Gothic Mystery/Horror
While not as abundant as the previous genres, the gothic mystery and horror paperbacks capture the explosion of interest in horror media from the late ‘50s to early ‘70s. These paperback covers offer an important glimpse into how horror pulp imagery prominent in 70s-80s horror fiction made its way into mainstream publishing houses. Seemingly taking influence from Hammer Horror productions, famously Dracula films and The Mummy (1959), which feature archetypal damsels haunted by supernatural forces in a gothic mansion or environment. These gothic horror paperbacks have a strong aesthetic emphasis on gothic, romantic literature. Similarly, the collection includes various horror anthologies and marks a rise in popularity for weird horror fiction in the ‘60s and ‘70s. The covers of horror novels and anthologies present more idiosyncratic, bizarre, and delightfully creepy artwork, significantly diverging from the other art seen in the collection.
Re-imaginings of Classic Novels
Beyond 20th-century speculative fiction, the collection holds a good number of classic novels—their covers altered with a modern flair. From the ancient to the medieval to 19th-century stories, the covers are adapted with abstract bodies and figures, surrealist imagery, and pop art styles. These covers reinvigorate classic novels with new designs, and they suggest the durability of ‘canonical’ titles in a new world of mass market paperback popular culture. More than rebranding, the mid-20th century art styles encouraged modern audiences to explore literary history through visually exciting and culturally relevant art.

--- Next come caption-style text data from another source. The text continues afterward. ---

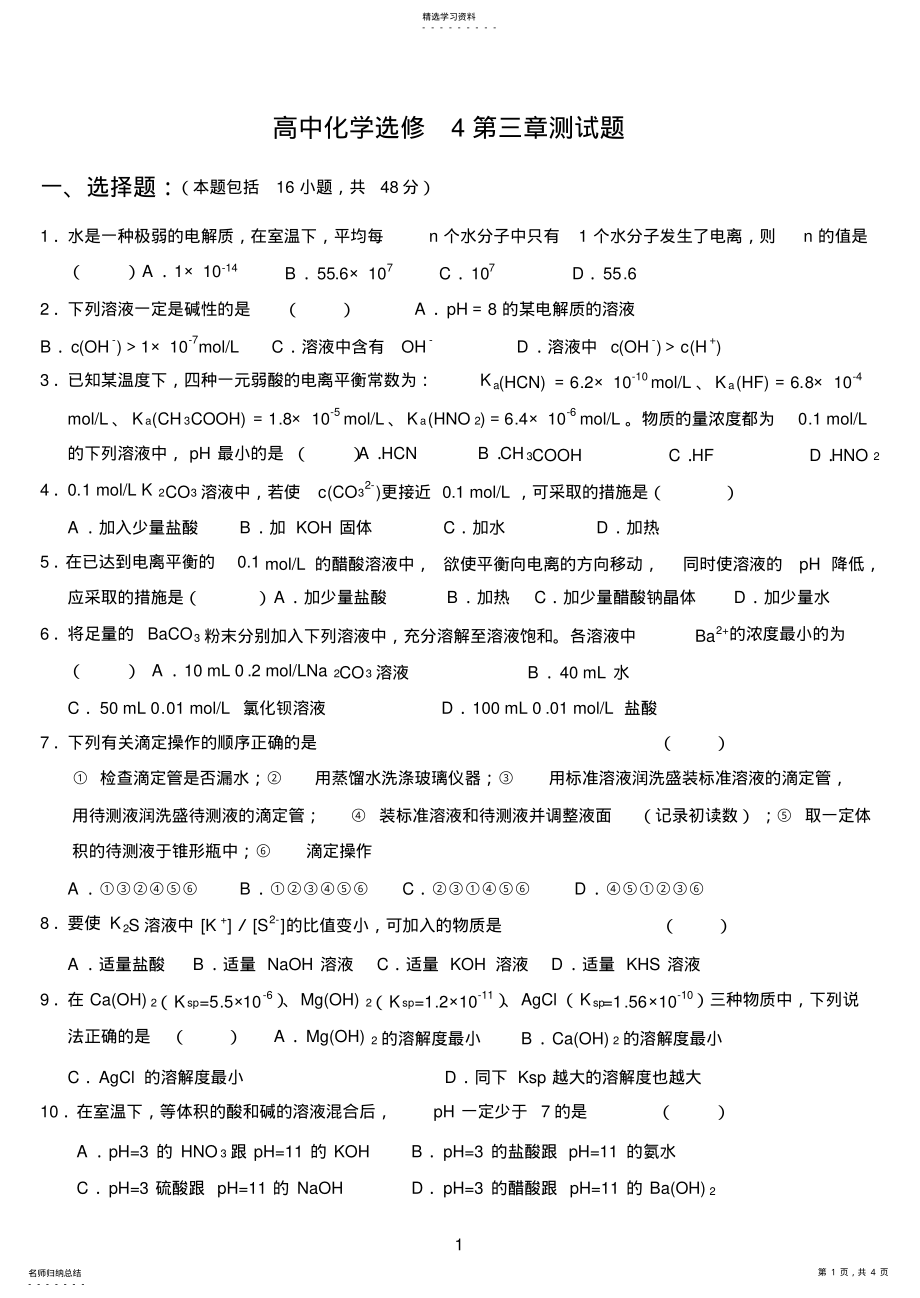 2022年高中化学选修4第三章测试题 .pdf_第1页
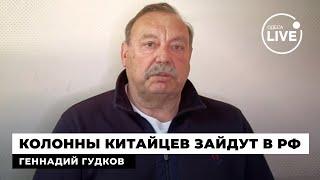 ГУДКОВ: ПУТИН ПРОСР*Л ВСЁ! 20 миллионов китайцев заселят Сибирь, пока Кремль будет молча смотреть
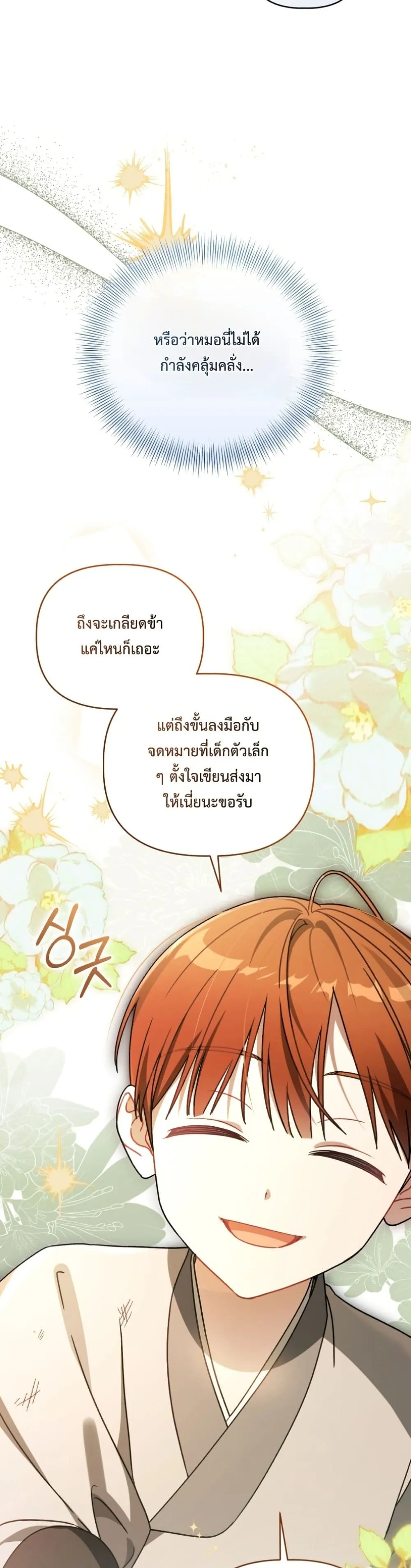 Manga-lc-com อ่านมังงะ อ่านการ์ตูน ออนไลน์ ฟรี The White Tiger Clan Little Fluff ตอนที่ 1 2 3 4 5 6 7 8 9 10 11 12 13 14 ฟรี ไม่มีโฆษณา Manga-lc - อ่าน มังงะ อ่าน การ์ตูน ออนไลน์ อ่านมังงะ ฟรี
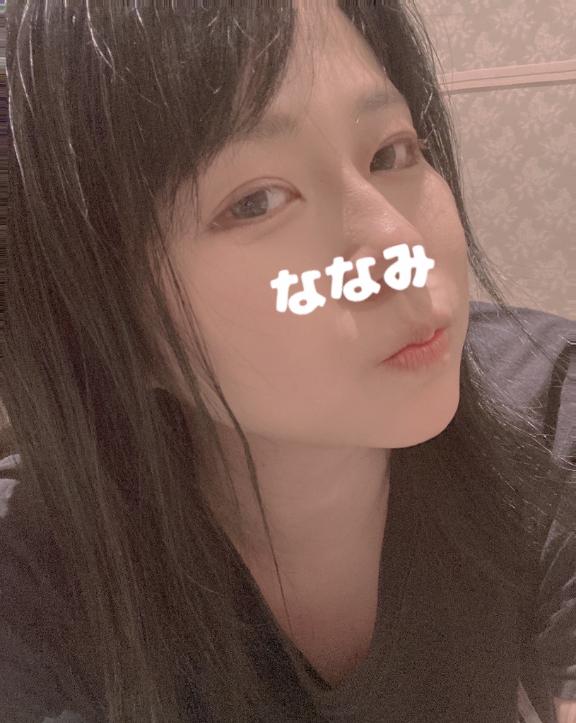 無事、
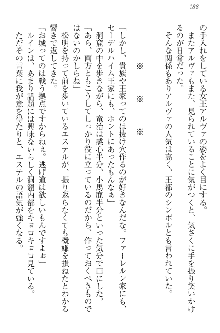 エロ勇者転生 召喚の巫女も姫騎士も淫魔族も!, 日本語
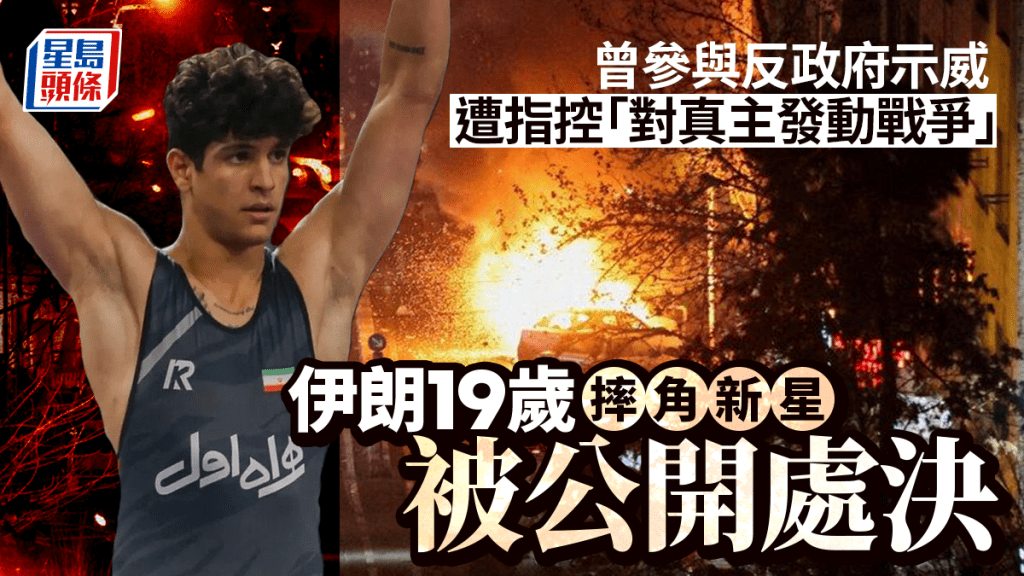 伊朗局勢 | 19歲摔角國手被送上絞刑架 伊朗首度處決反政府示威者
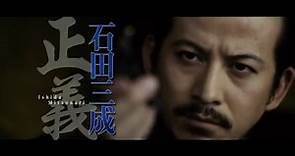 Sekigahara theatrical trailer - Masato Harada-directed movie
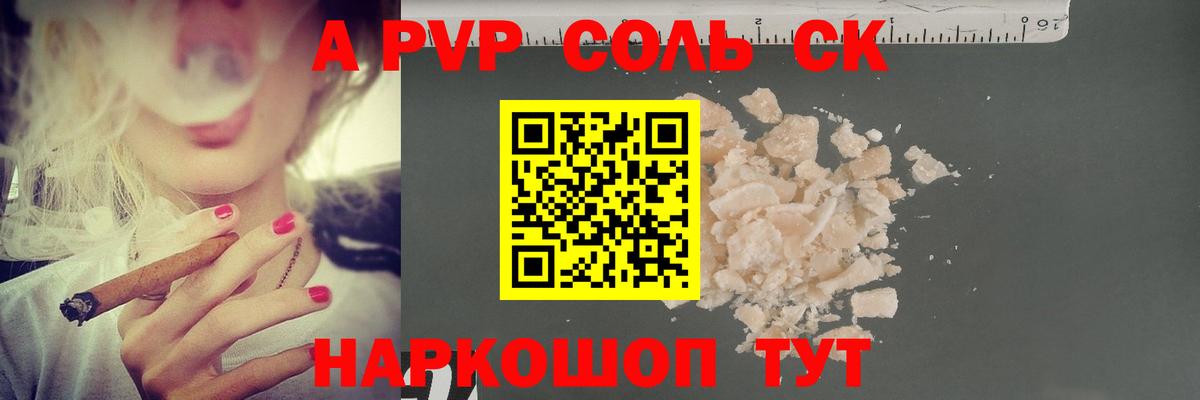 Alpha PVP кристаллы  Alpha-PVP мука  Ялуторовск  Вход с VPN 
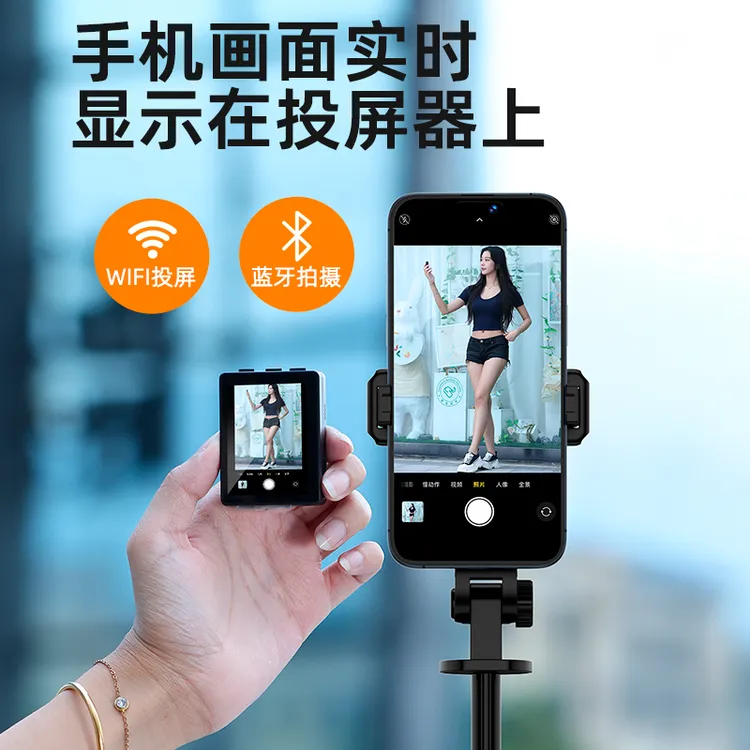 手机投屏器后置自拍显示屏网红拍摄神器可投屏控制远程聚焦拍照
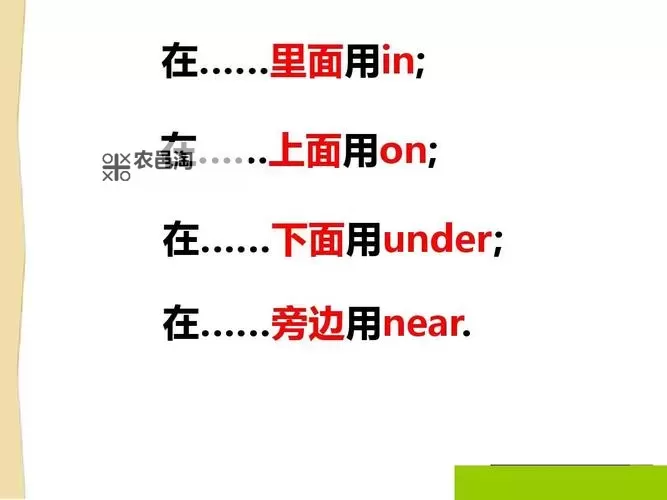 PPSSPP第三次生日:揭秘最新金手指技巧与使用指南图1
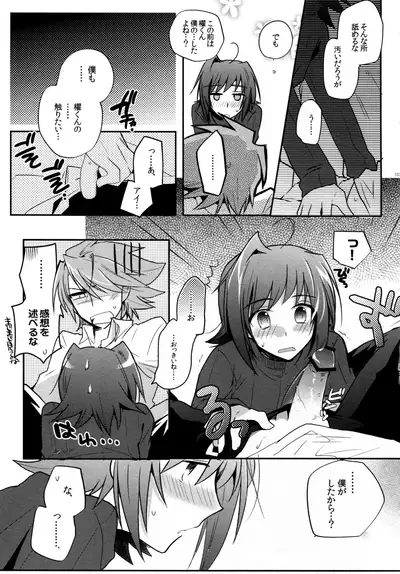 Valentine Boost Sairoku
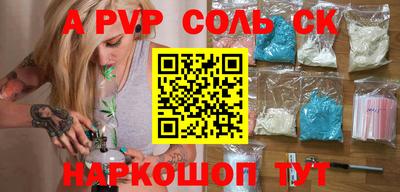 СК Апрелевка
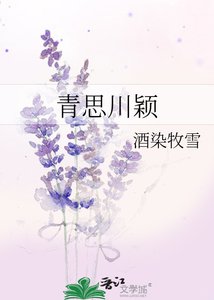《青思川穎》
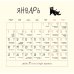 Дополнительное изображение книги «Это надо отметить. Или 365 поводов интеллигентно выпить (300х300)»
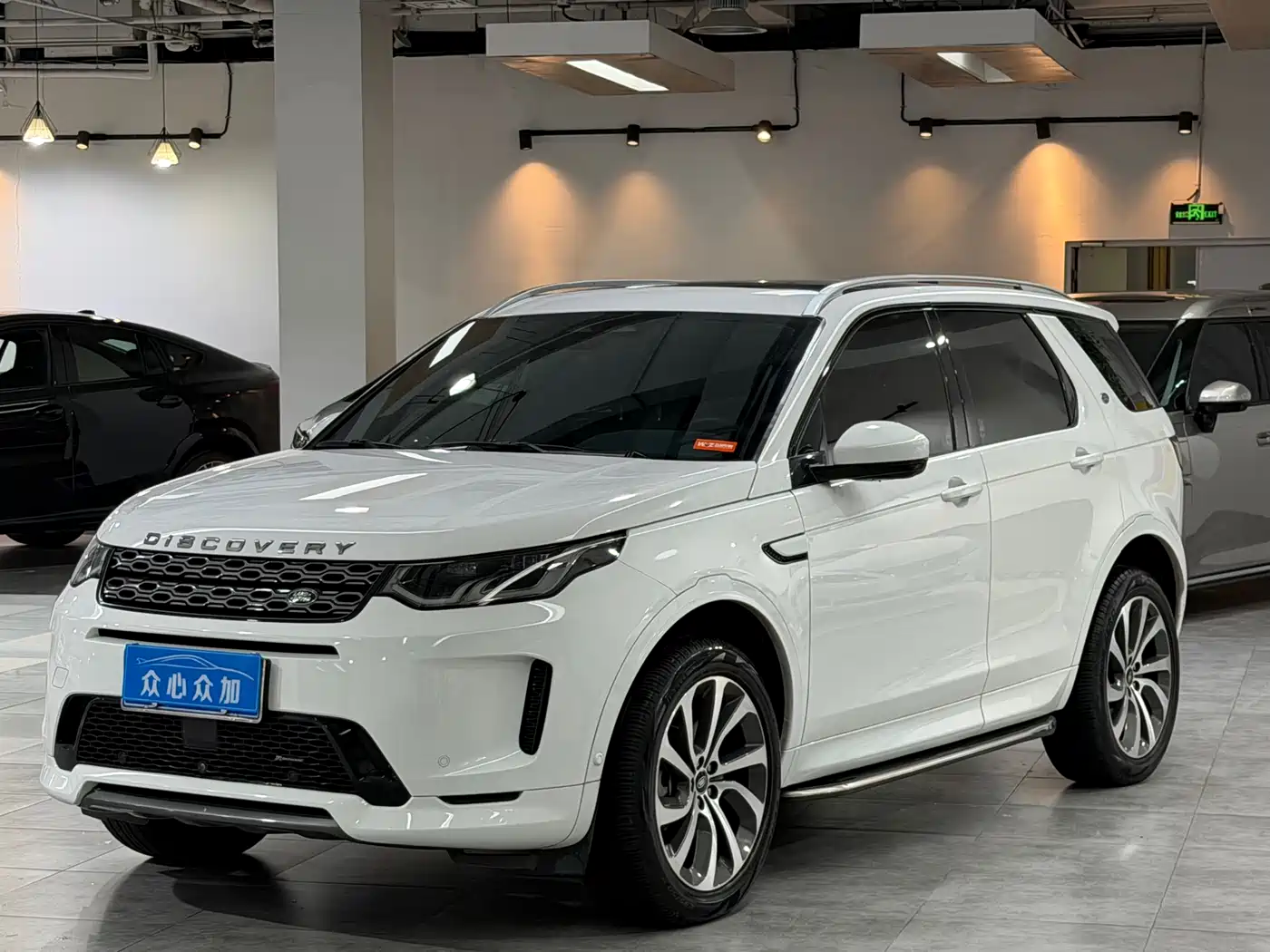 Land Rover Discovery Sport 2022 Model Facelift 249PS R-Dynamic SE Performance Tech Edition 5-seater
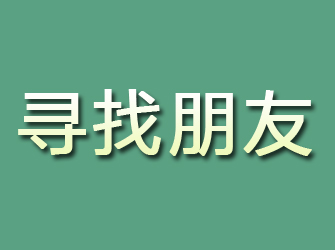 曲水寻找朋友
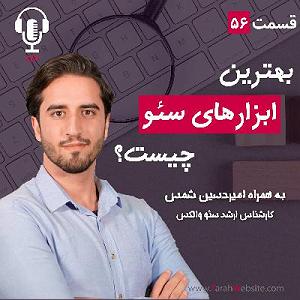 پادکست طراحی وب دیما ۵۶ – بهترین ابزارهای سئو چیست؟ به همراه امیرحسین شمس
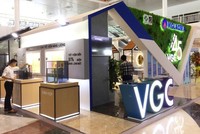 Viglacera (VGC) dự kiến nâng sở hữu tại Công ty TNHH Kính nổi siêu trắng Phú Mỹ lên 65%
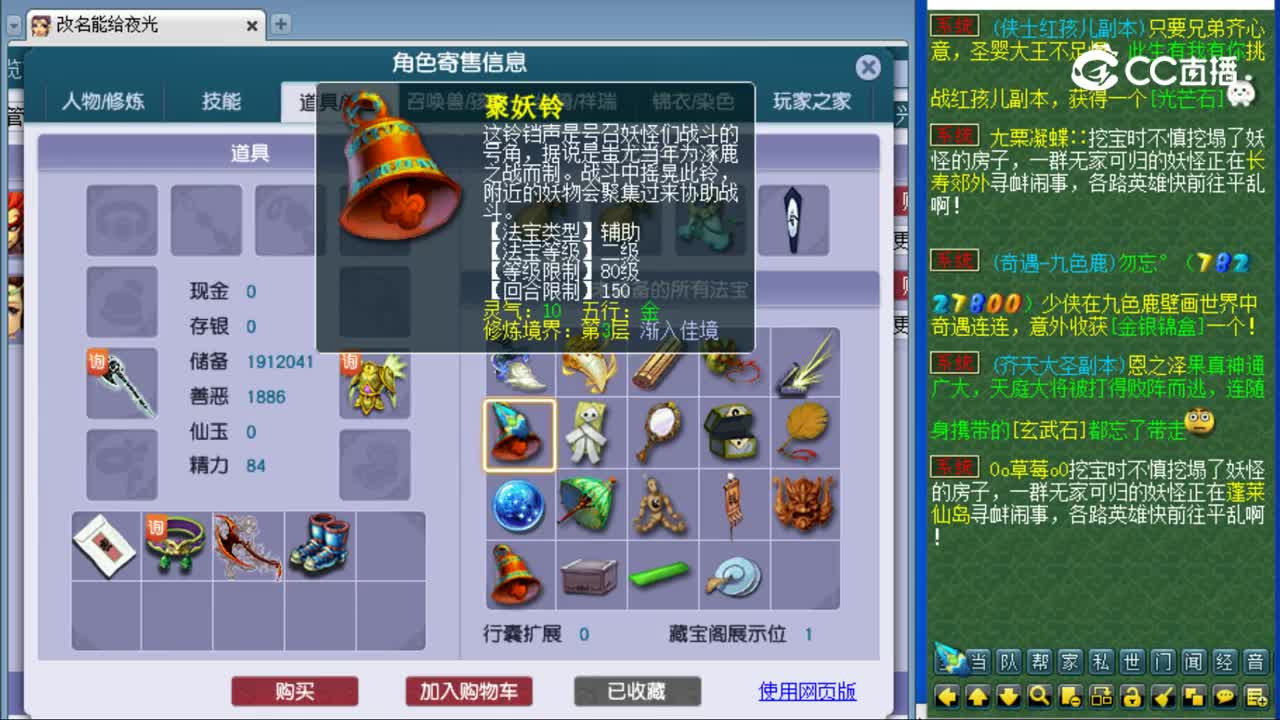 【主播点评】狮驼岭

The Political, Historical, & Biographical
Political, historical, and biographical paperbacks are the smallest category represented in the vast Kramer paperback collection, however, they indicate a range of current social and political and track concerns about politicians, WWII, the Cold War, history, and public figures. The cover art on these paperbacks showcases social critiques of politicians, events, and political figures, portraying their subjects with exaggerated or politically pertinent iconography. The paperbacks’ attention to past subjects also highlights 20th-century thought, unveiling how the public implicitly understood or associated with a specific topic.
Sci-Fi & Fantasy
A large majority of the sci-fi and fantasy cover art brings to light the popular psychedelic art of the ‘60s to ‘70s. More often than others, these paperbacks are multi-colored and designed in a kaleidoscopic manner. Distorted alien-humanoid or mystical figures adorn these covers and defy typical biology, physics, and artistic rules. Experimenting with abstract and expressionist art styles on the sci-fi and fantasy covers demonstrates a social urgency to deviate from artistic norms and literature conventions. The fantasy paperbacks engage a sense of awe and whimsy not found in other paperbacks, one that manipulates and elevates stories commonly seen as juvenile to a new level, allowing adults to find a world to play in. Moreover, the popularity of futurism in literature and art reflects societal progressiveness and a desire to understand and better the future.
A New Wave of Thought
Toward the end of the mid-20th century, social movements energized free-thinking, sexually liberated, socially conscious, and more open-minded worldviews– all of which made it onto the mass market paperback covers. Fervent interest in new-wave self-help and psychology shared space with astrology and other preternatural topics. The Kramer collection also contains a few risque sex comedies, with covers that dip into socially innovative and transgressive modes of thought. However, much of this humor did not age well. However, overall, the paperbacks are evidence that mid-20th century mass market printing was a vibrant arena for social and political experimentation.